» TASK ITEM:
Omit the pictures and return exactly the stretch of the material below from the line with "Einziehbarer Foundationpinsel Tragbarer" through the line with "Speaker Switcher - Audio".

» RECORDS FOR THIS EXERCISE:
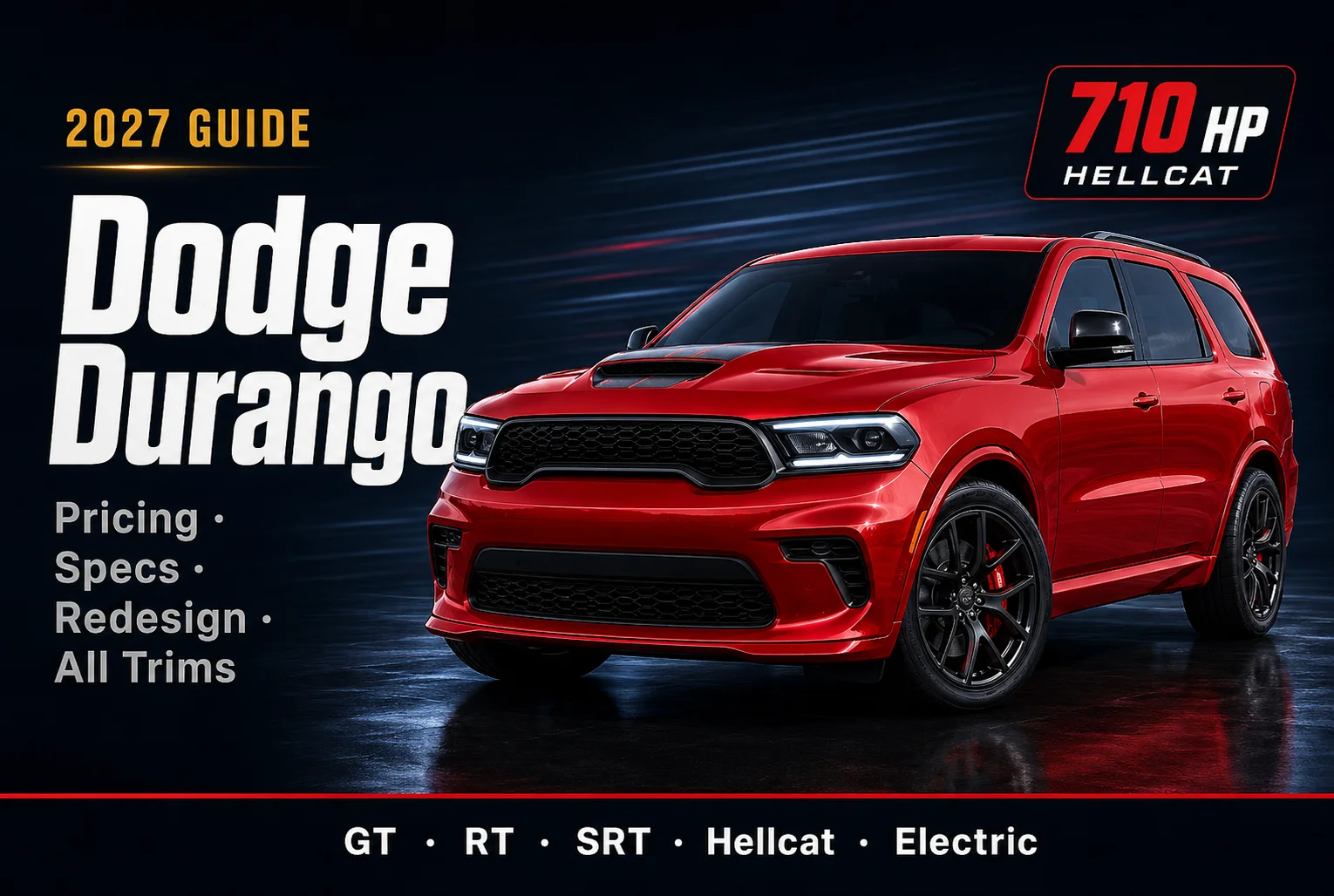 2027 Dodge Durango featured thumbnail showing red SUV on dark navy charcoal background with pricing redesign specs and trim level guide text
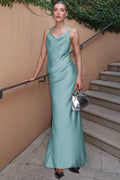 Satin Cowl Neck Spaghetti Strap Draped Side Gather Maxi Gown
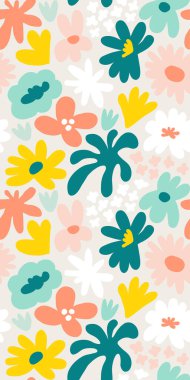 Abstract seamless pattern with cute hand drawn meadow flowers. Fashion stylish natural background. Hand drawn design elements for fabric, print, cover, banner, wrapping, wallpaper.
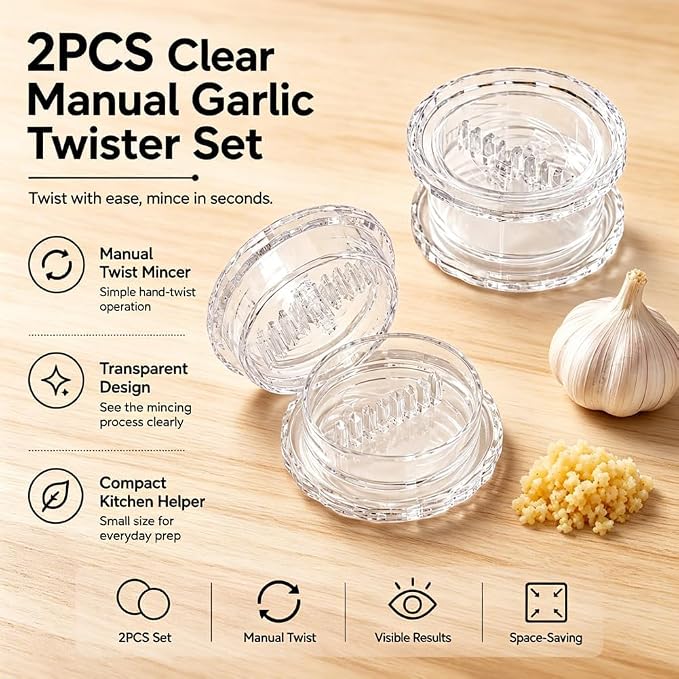 2PCS Clear Manual Garlic Twister Multi-Functional Ginger Mincer Tool, Manual Garlic Twister and Mincer, Garlic Crusher, Garlic Grinder, Compact Garlic Mincer Tool, Ginger, Herbs (White-2PC)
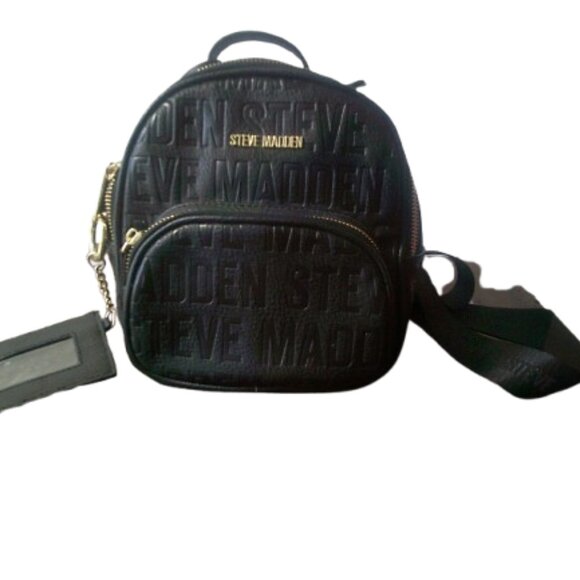 Steve Madden Women's Embossed PLeather Logo Mini Backpack Purse Black One Size - Picture 4 of 6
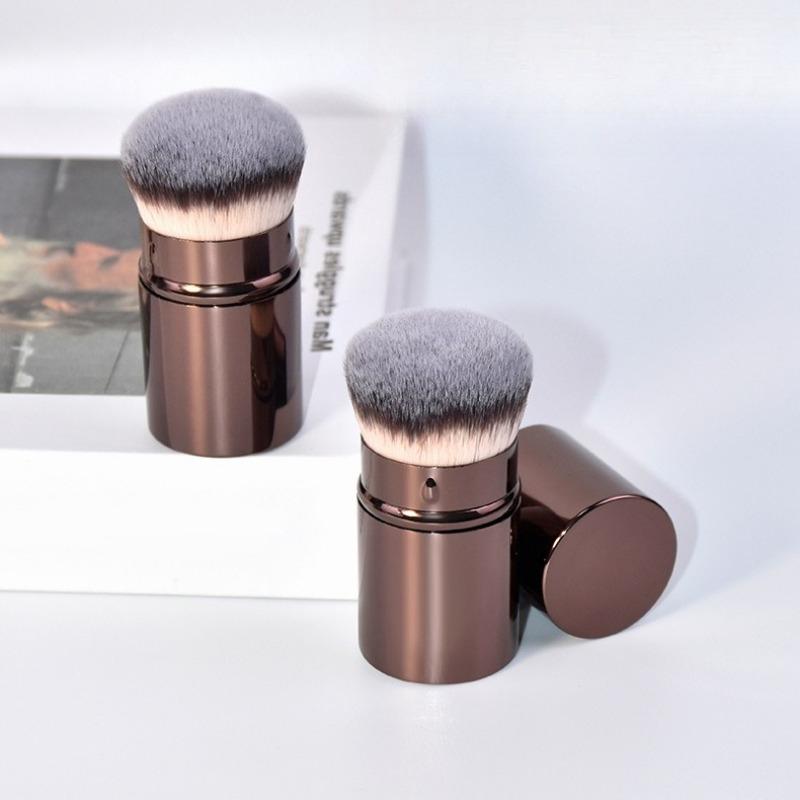 Einziehbarer Foundationpinsel Tragbarer Make-up-Pinsel Staubdicht mit Abdeckung Rougepinsel Reise-Make-up-Tool Spurloser Basis-Make-up-Pinsel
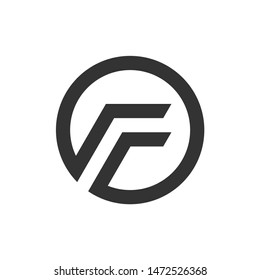 geometric abstract initial F with circle logo icon vector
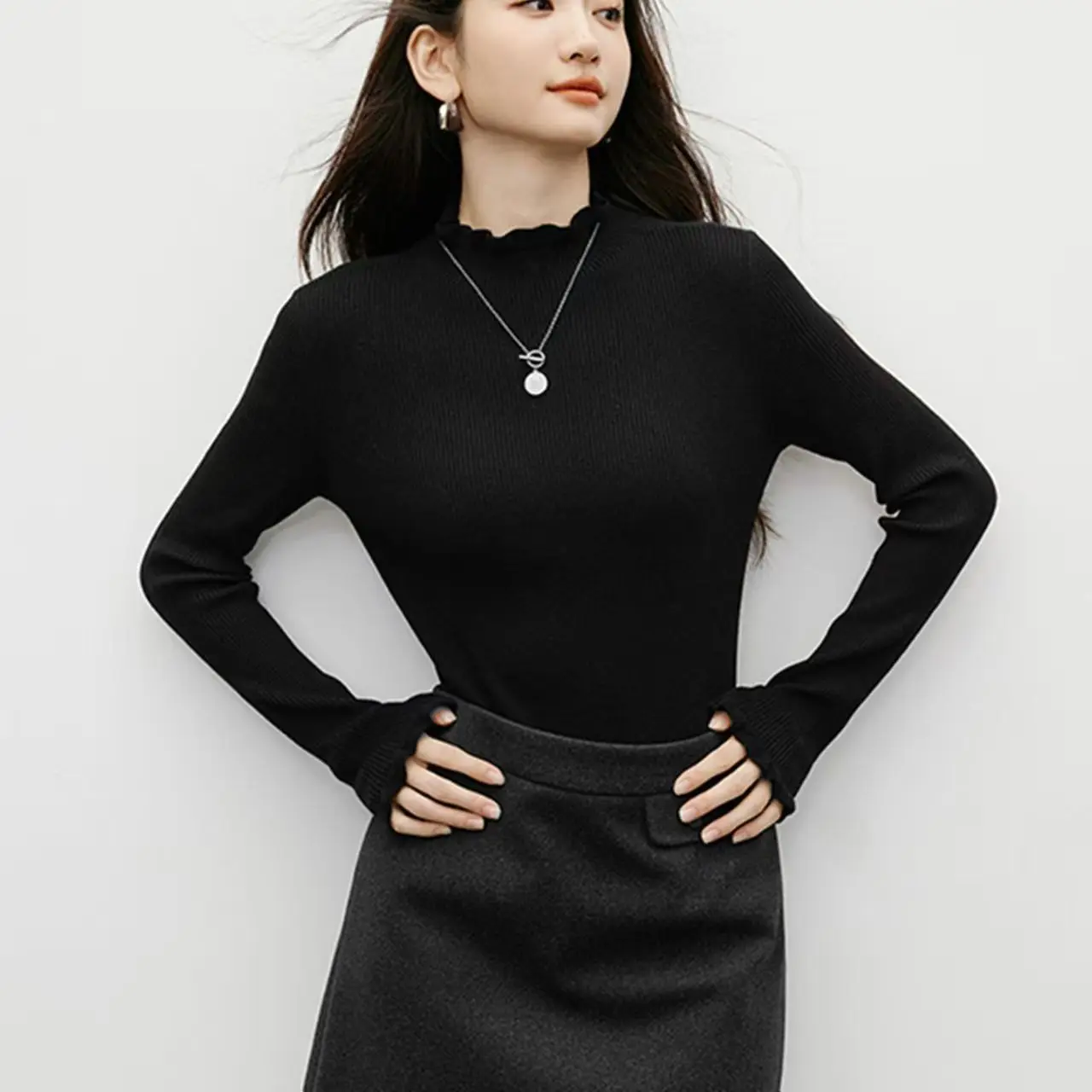 Mode Verstoorde Kraag Gebreide Trui Vrouwen Truien Lange Mouw Witte Gebreide Trui Trui Vrouwen Tops Sueters De Mujer Q2076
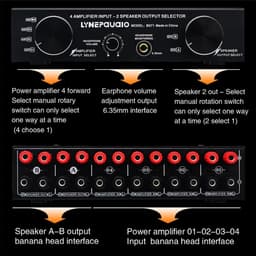 Speaker Switcher - Audio Selector - Verbinden van Audio - 4 Versterkers 2 Speakers - 300W per Kanaal - Zwart — thumbnail 3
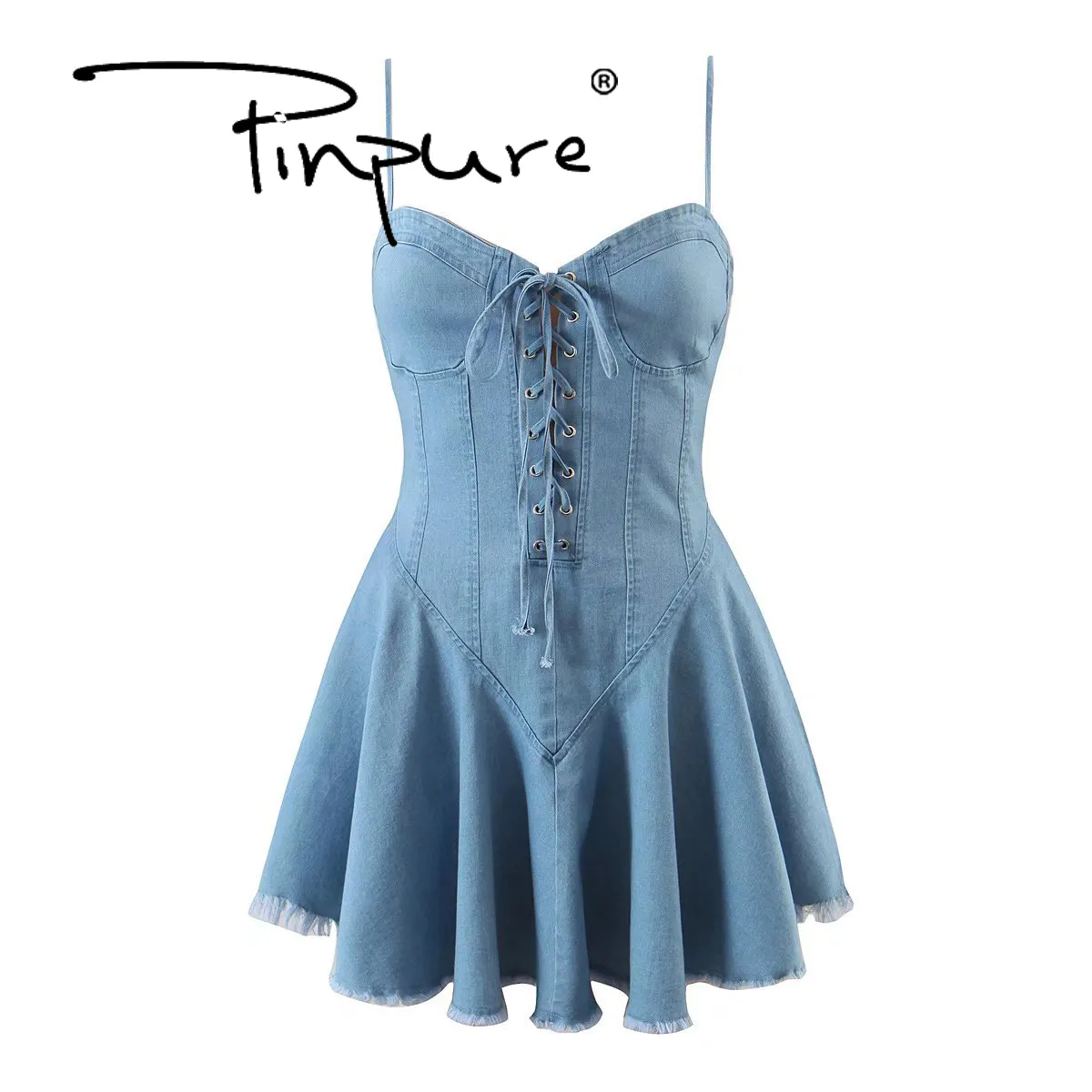 R30856S Women's summer new style European fashion solid color washed denim lace-up straps strapless backless dress party dresses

» TASK ANSWER:
 Einziehbarer Foundationpinsel Tragbarer Make-up-Pinsel Staubdicht mit Abdeckung Rougepinsel Reise-Make-up-Tool Spurloser Basis-Make-up-Pinsel
 geometric abstract initial F with circle logo icon vector
 Mode Verstoorde Kraag Gebreide Trui Vrouwen Truien Lange Mouw Witte Gebreide Trui Trui Vrouwen Tops Sueters De Mujer Q2076
 Speaker Switcher - Audio Selector - Verbinden van Audio - 4 Versterkers 2 Speakers - 300W per Kanaal - Zwart — thumbnail 3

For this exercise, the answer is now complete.